Google+: And You Thought Facebook Is A Privacy Nightmare - peternorton
http://www.conceivablytech.com/8343/products/google-and-you-thought-facebook-is-a-privacy-nightmare

======
judofyr
Privacy nightmare? Really?

First of all, Terms of Services are usually always quite broad. Beside, this
is just the regular Google ToS. I wouldn't be surprised if they'll get a
separate one later.

The point about available in search results is fine enough, but the only
information that's forced available is your name, your profile picture and
your gender. If you're commenting on other people posts (either on Facebook or
G+) your name and profile picture _will_ be seen by other people.

Finally: "[G+] provide limited tools to impact the display of your page." Ehm,
have they actually tried the service? Every time you attempt to share
_anything_ you're asked for which circles to include. By default it's empty
(not public like on Facebook) and you'll have to make a choice.

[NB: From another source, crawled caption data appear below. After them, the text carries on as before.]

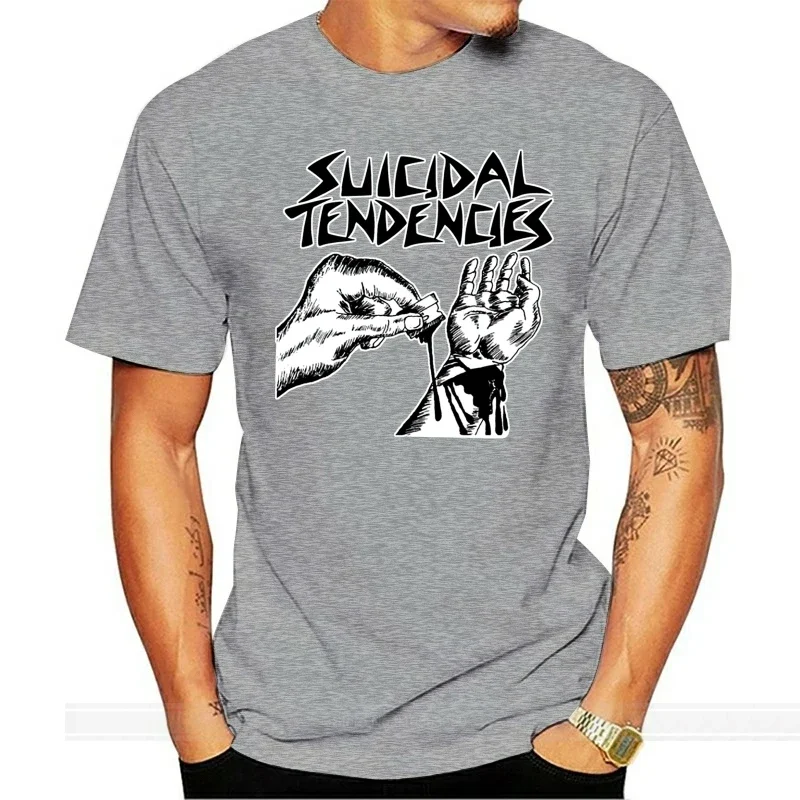 Suicidal Tendencies T Shirt  White T-Shirt Men Cartoon Print Cotton T Shirts Short Sleeve Music Tee Shirt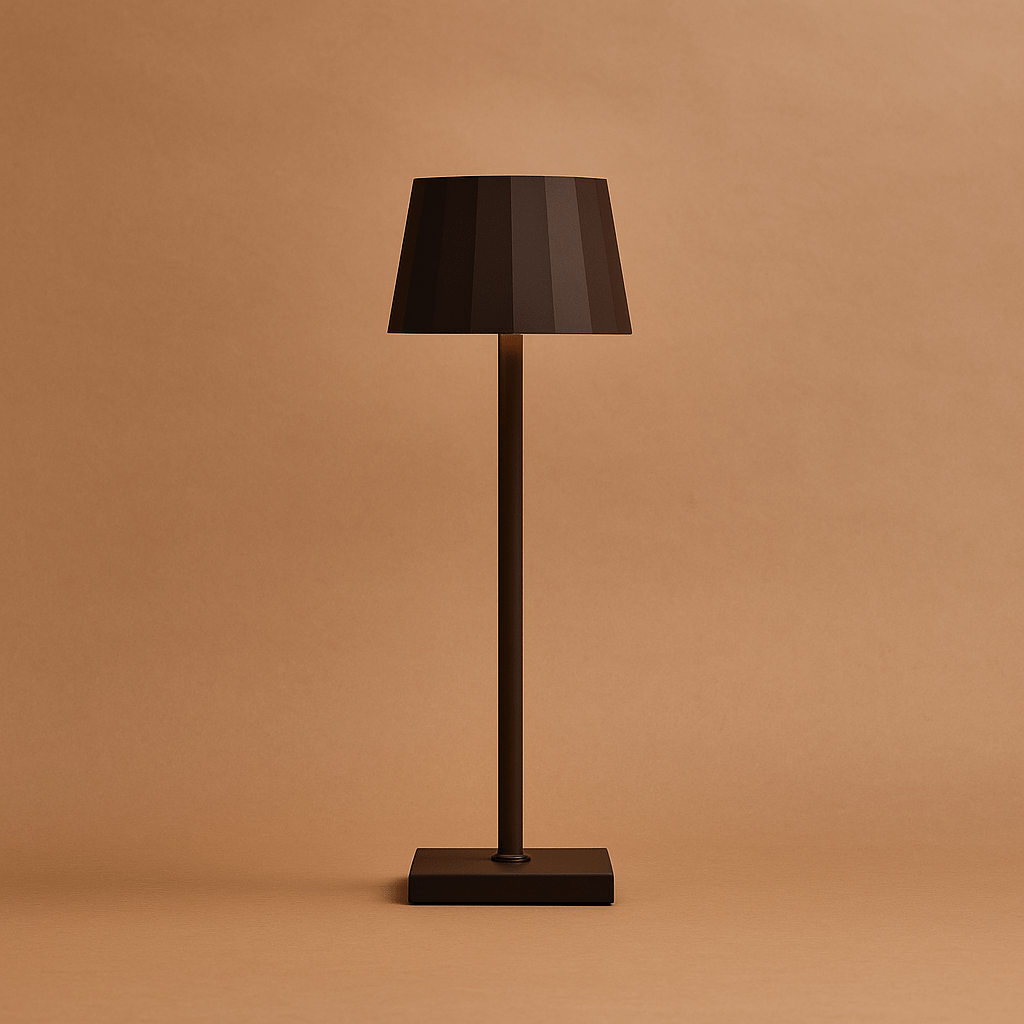 Wouter Mocha Brown Rechargeable Table Lamp – Wireless Charging, Dimmable, 120-Hour Battery Life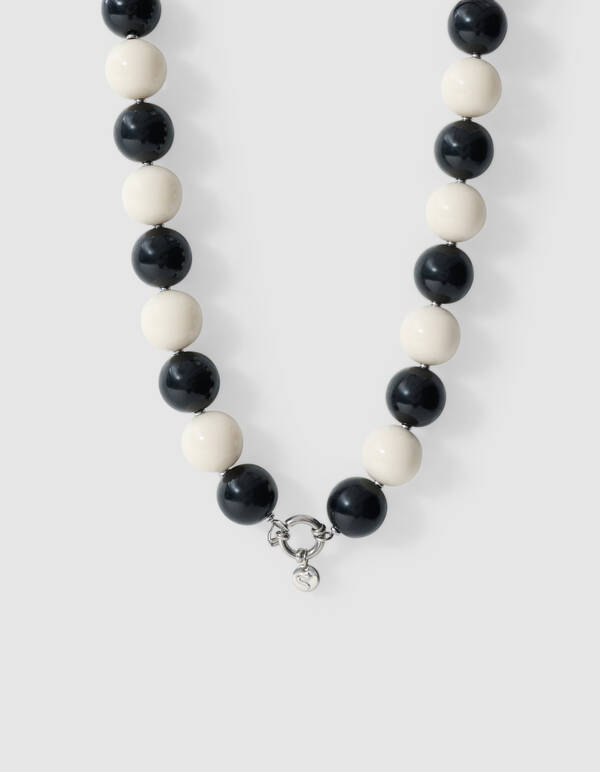 Ronde Beaded Ketting Zwart/Wit SHOEBY ACCESSOIRES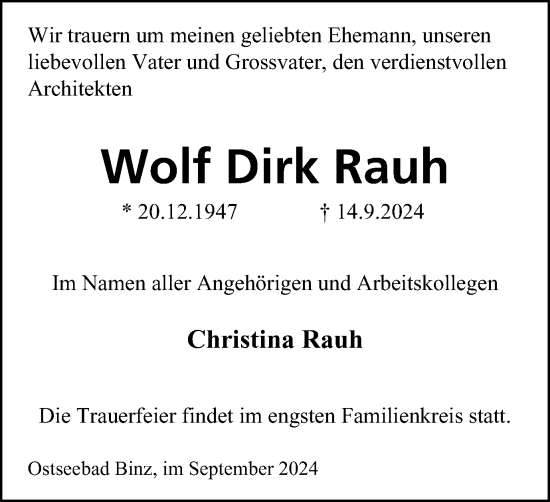 Traueranzeige von Wolf Dirk Rauh von Tageszeitung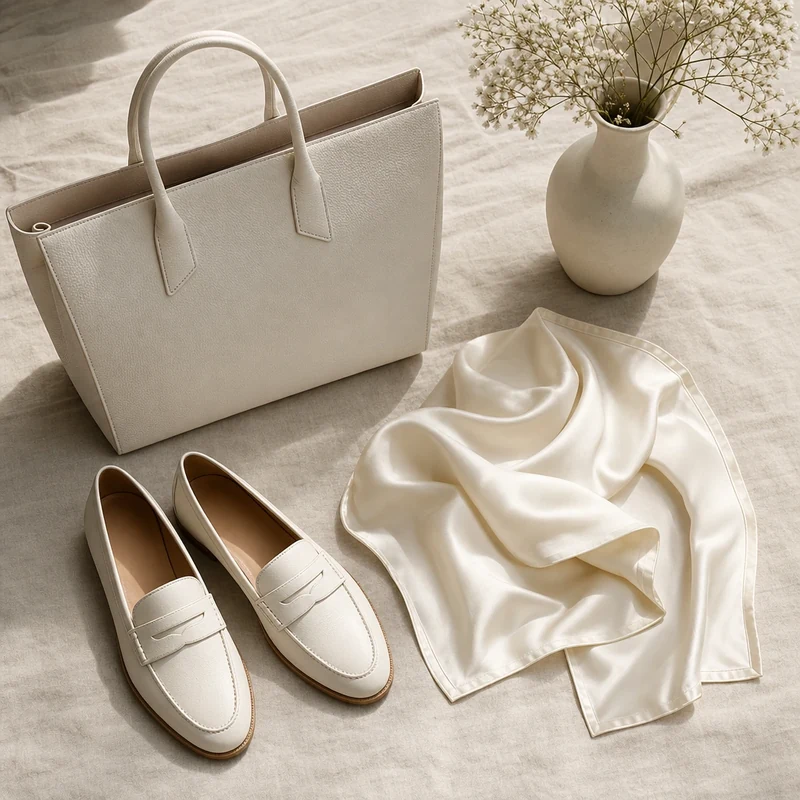 Accessoires Cloud Dancer : sac tote en cuir grainé, mocassins penny et foulard en soie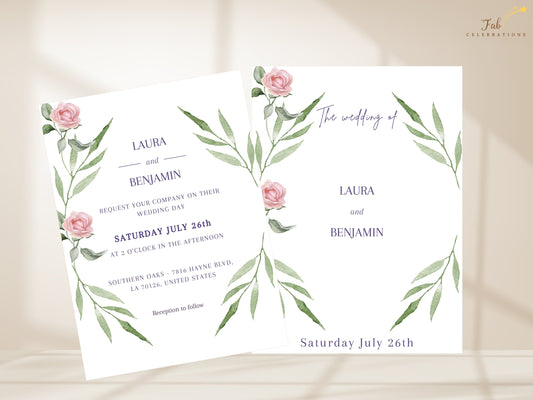 Elegant Pink Floral Wedding Invitation shown with its coordinated text back, featuring watercolor-inspired blush pink roses, graceful green foliage and refined purple wedding typography.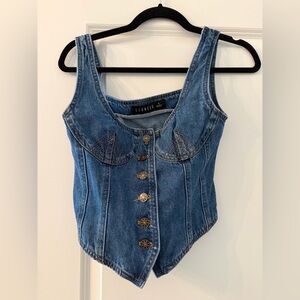 LIONESS After Hours Corset Top Blue Denim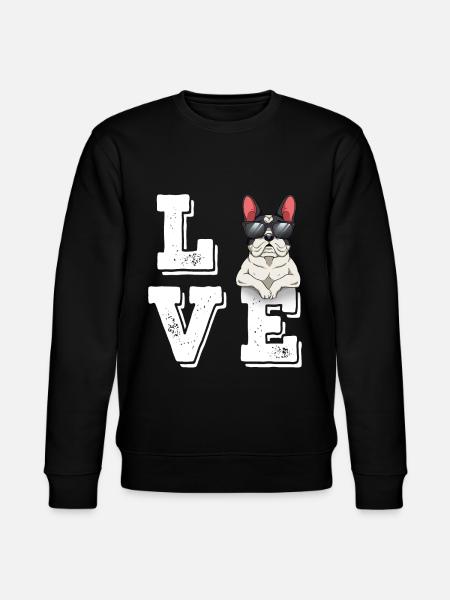 Love French Bulldog - Stanley/Stella CHANGER Unisex Organic Sweatshirt - black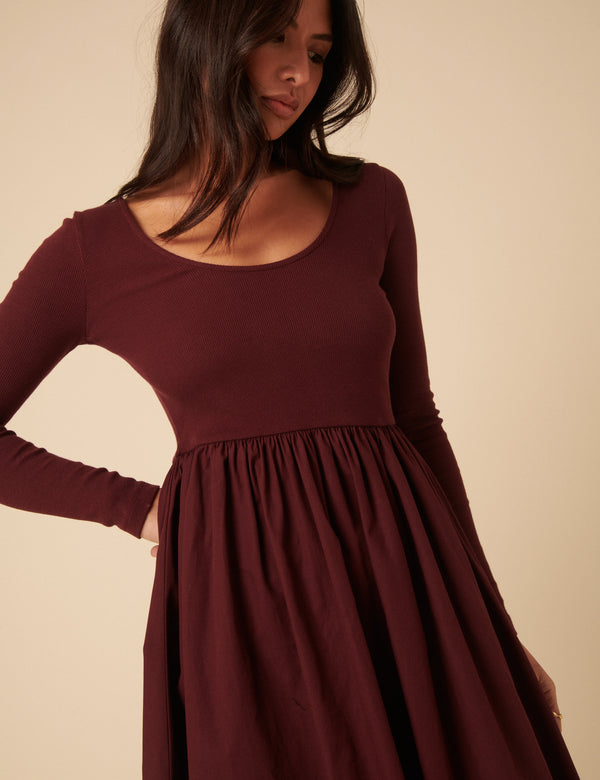 Nobody’s Child Burgundy Scoop Neck A-Line Midi Dress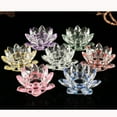 Cogfs Crystal Glass Lotus Flower Candle Holder Candlestick Home Decor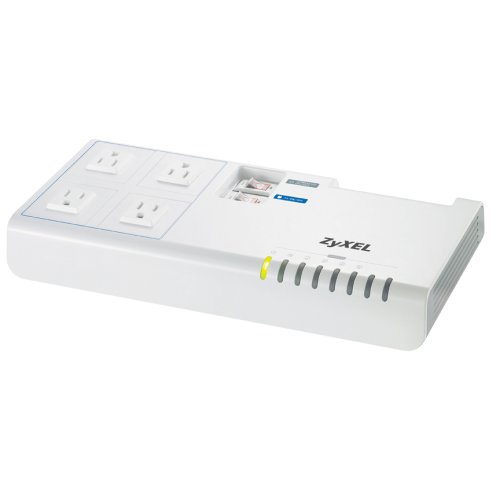 ZyXEL PLA491 HomePlug AV 200mbps Powerline Ethernet Adapter w/4 Port Fast Ethernet Switch and Power Strip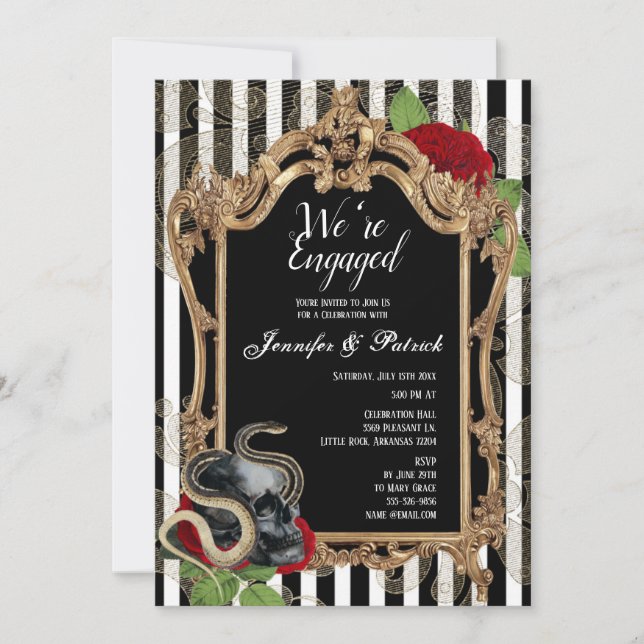 Victorian Gothic Black Stripe Engagement Party Invitation (Front)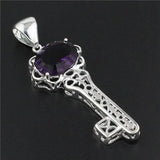 Hermosa Jewelry Amethyst Key Shape Necklace Pendant
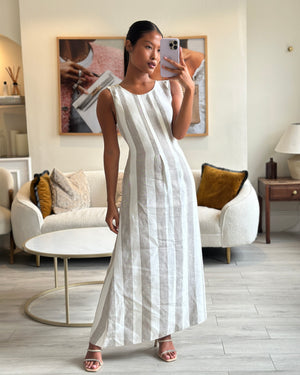 Loro Piana White Grey Stripe Linen Sleeveless Maxi Dress Size FR 42 ( UK 14)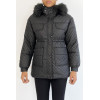 Manteau matelassé multi-poches noir à capuche - 5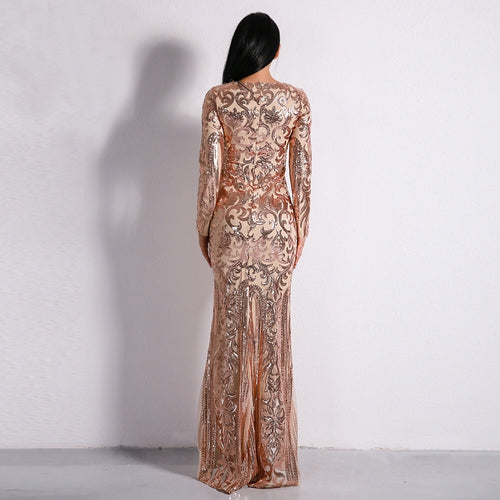 rose gold long sleeve maxi dress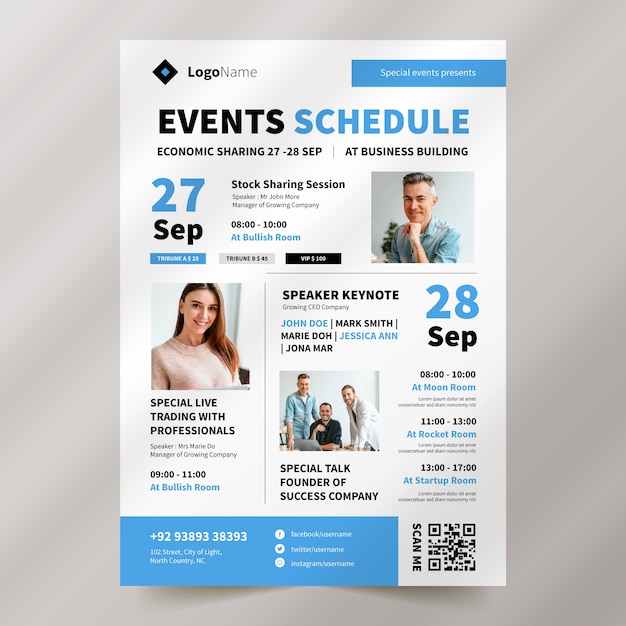 Flat design event schedule template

"Posted information is shared with the last defined set of people who you
shared some information with." Yes, but your privacy settings is still shown
right there. Facebook is worse: they hide it away under a security lock icon
which is _always_ locked (even if the post will be public) giving a false
sense of security.

"Once posted, this setting cannot be changed anymore." Uhm, I would be _very_
concerned if people could change the privacy settings on a post _after_ it's
been created.

And let's not forget that everyone working on G+ has been very concerned about
privacy issues. E.g. previously a public post was created when you changed
your profile picture. Some people was harassed on these posts so now they've
changed it to default to "Your circles" (although you can always delete if you
want).

EDIT: Your gender is publicly visible too. Thanks callahad.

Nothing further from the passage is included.